Aiming for boldly eclectic, Kneehigh Theater's The Wild Bride throws every artistic choice -- including the kitchen sink -- at its audience. Archetypal mythology is respun with stylized hipness, ethereality, puppetry, black humor, vaudevillian escapades, rhythm and blues music, tinged with Euro-Appalachian Anglo-Slavic-Arabic influences -- and lots of Tim Burton.
It's a valiant effort at avant-garde eclecticism that results in a barrage of clutter.
The Cornwall-based theatre company wowed me in '09 with its inventive, cinematic and tightly knit Brief Encounter at ACT.
But this time around, a little Ritalin wouldn't hurt. For all its panache, The Wild Bridefalls rather flat. Under Emma Rice's creative and hectic direction, the whole is somehow lesser than the sum of its parts.
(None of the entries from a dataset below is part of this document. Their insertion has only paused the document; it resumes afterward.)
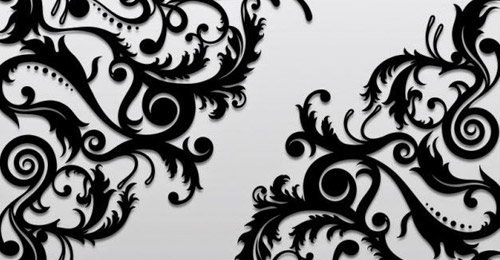 black floral ornaments vector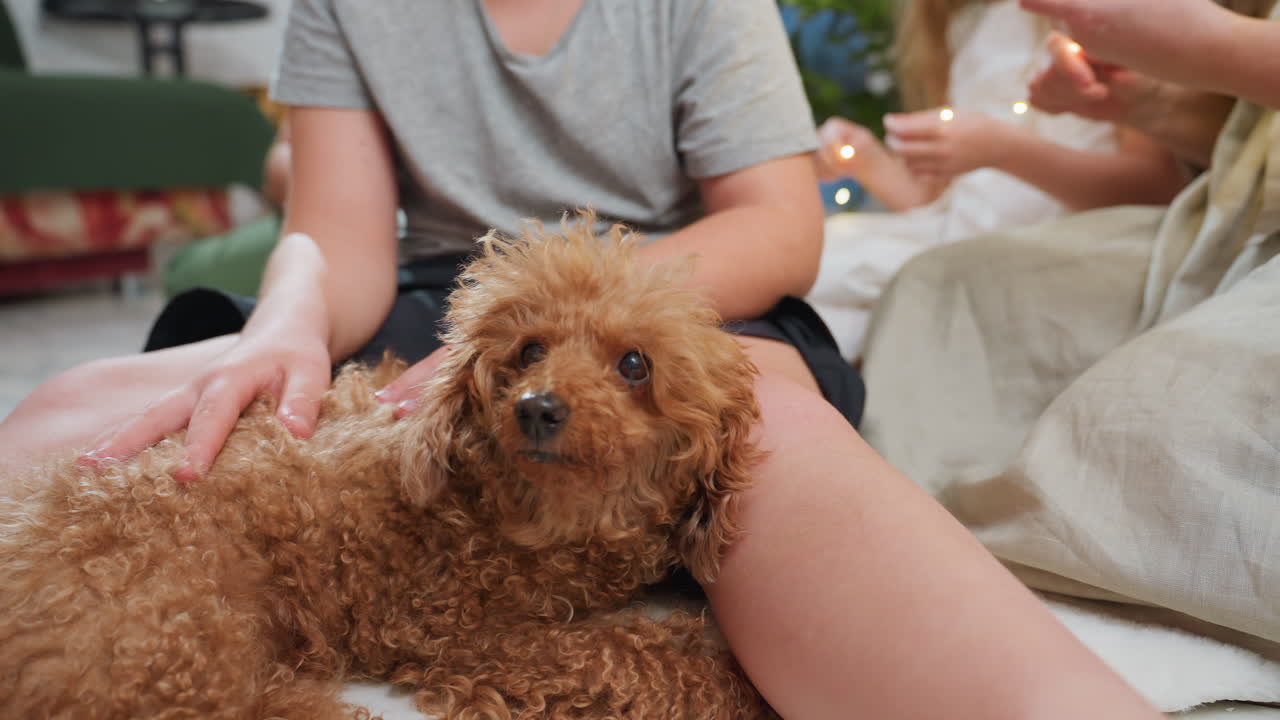 Partial view of happy family sitting on the floor together, boy rubbing dog s hair while others are arranging Christmas lights, enjoying quality family time during festive season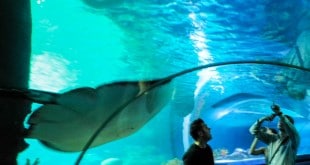 крутые рыбы в океанариуме стамбула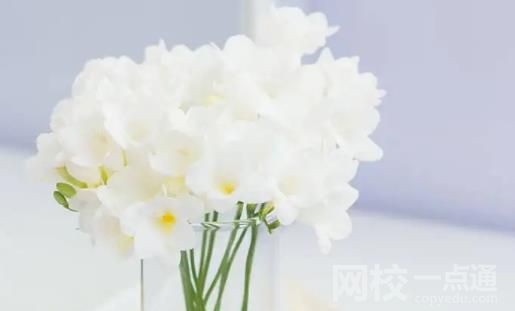 2024年蚌埠工商學院錄取分數線(今年高考所有分數線一覽表參考)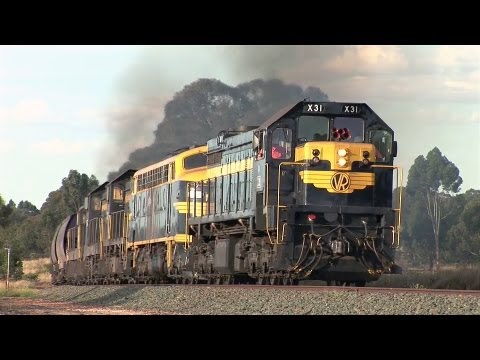 EL Zorro Grain At Woodvale.  Tue 17/01/12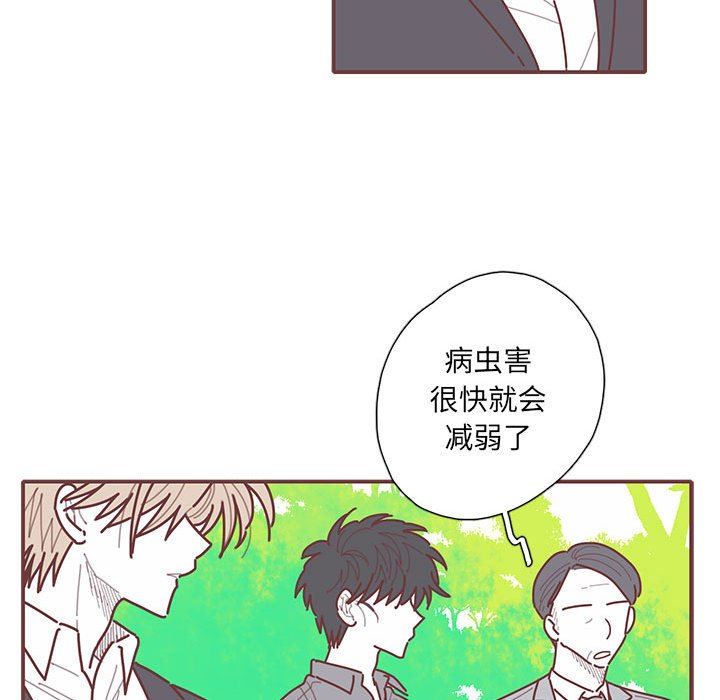 [韩国漫画] 恋上你的声音 BL,剧情向#[110P]-47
The story begins with a Faustian bargain with the devil. Stuart McLaughlin's devil is a slippery rogue but none-too-menacing. Dressed in a dirt-poor man's long johns, (a la Tim Burton's Beetlejuice), or a shady, 1930s suit, this devil is part Brit, part bumpkin and more of a dirty varmint than a demon.
But as a musician, McLaughlin is an impish entertainer. Accompanying himself on banjo or guitar, McLaughlin plays a few bluesy songs about the devil, invoking blues great, Robert Johnson who, legend has it, achieved his guitar expertise through a deal he made with the devil.
Audrey Brisson, Stu McLoughlin, Stuart Goodwin and Eva Magyar
The music itself is a success. Stu Barker brings together accordion, violin, bass and some great vocals to create an unadorned country-blues mood that hits the spot. The play hits some speed bumps when McLaughlin narrates in lackluster -- and eventually grating -- rhymed couplets. Carl Grose's text isn't especially inspiring.
The devil sets his sights on a young girl and fast talks her father into a trade. Stuart Goodwin plays the girl's foolish father in a vaudevillian manner; later, he plays her Scottish (why?) prince offering up some amusingly wacky antics.
Audrey Brisson, Patrycja Kujawska and Eva Magyar
Audrey Brisson stands out as the girl, a wordless role that is well conveyed through unsettling and powerful gestures. At other times, she sings and scats, revealing another side of her talent. Her movements are often mirrored by two other women, who will take turns inhabiting her older selves. Patrycja Kujawska plays the runaway girl, roaming the wild and learning to survive. Éva Magyar plays her older self beating the devil. All three fairly much dance their parts with artful grace. Still, Etta Murfitt's choreographing is often on the flatulent side of arty-farty.